▶ **Assignment**: Return the lines of the listing below exactly as they appear, beginning at the one with "View Auto part" and stopping after the one with "Aeronave en cielo"; do not include pictures.
(Beginning of Record extracts)
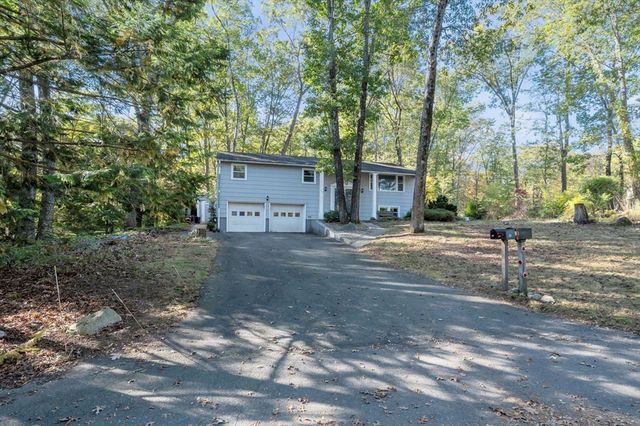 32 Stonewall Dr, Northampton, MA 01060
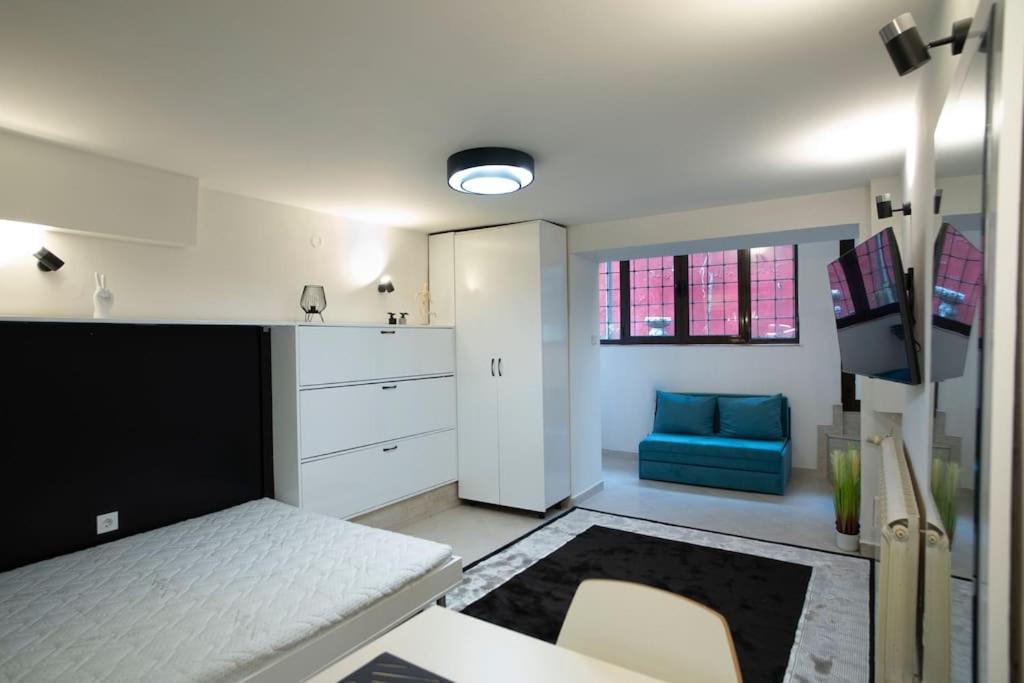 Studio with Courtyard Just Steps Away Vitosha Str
(End of Record extracts)
(Beginning of Record extracts)
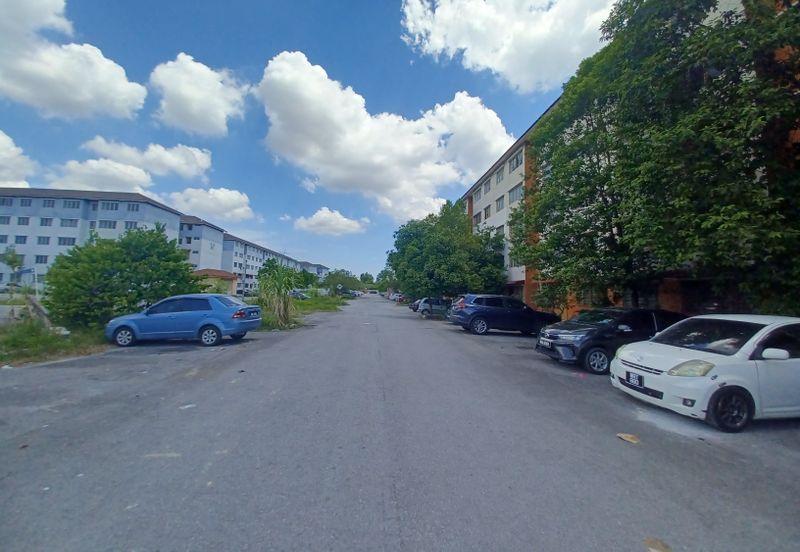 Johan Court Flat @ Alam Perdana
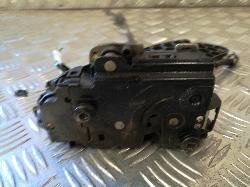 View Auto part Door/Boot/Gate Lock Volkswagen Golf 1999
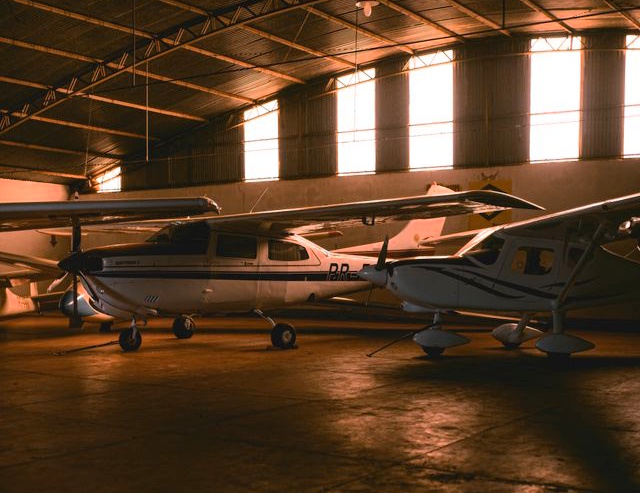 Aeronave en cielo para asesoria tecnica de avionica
(End of Record extracts)
(Beginning of Record extracts)
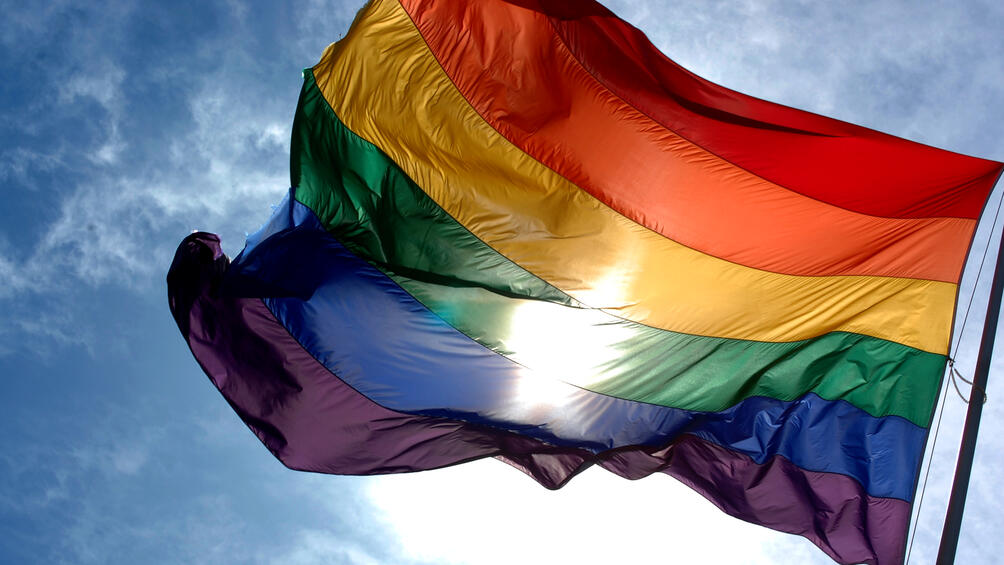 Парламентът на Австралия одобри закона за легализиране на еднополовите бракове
(End of Record extracts)
▶ **Response below**:
 View Auto part Door/Boot/Gate Lock Volkswagen Golf 1999
 Aeronave en cielo para asesoria tecnica de avionica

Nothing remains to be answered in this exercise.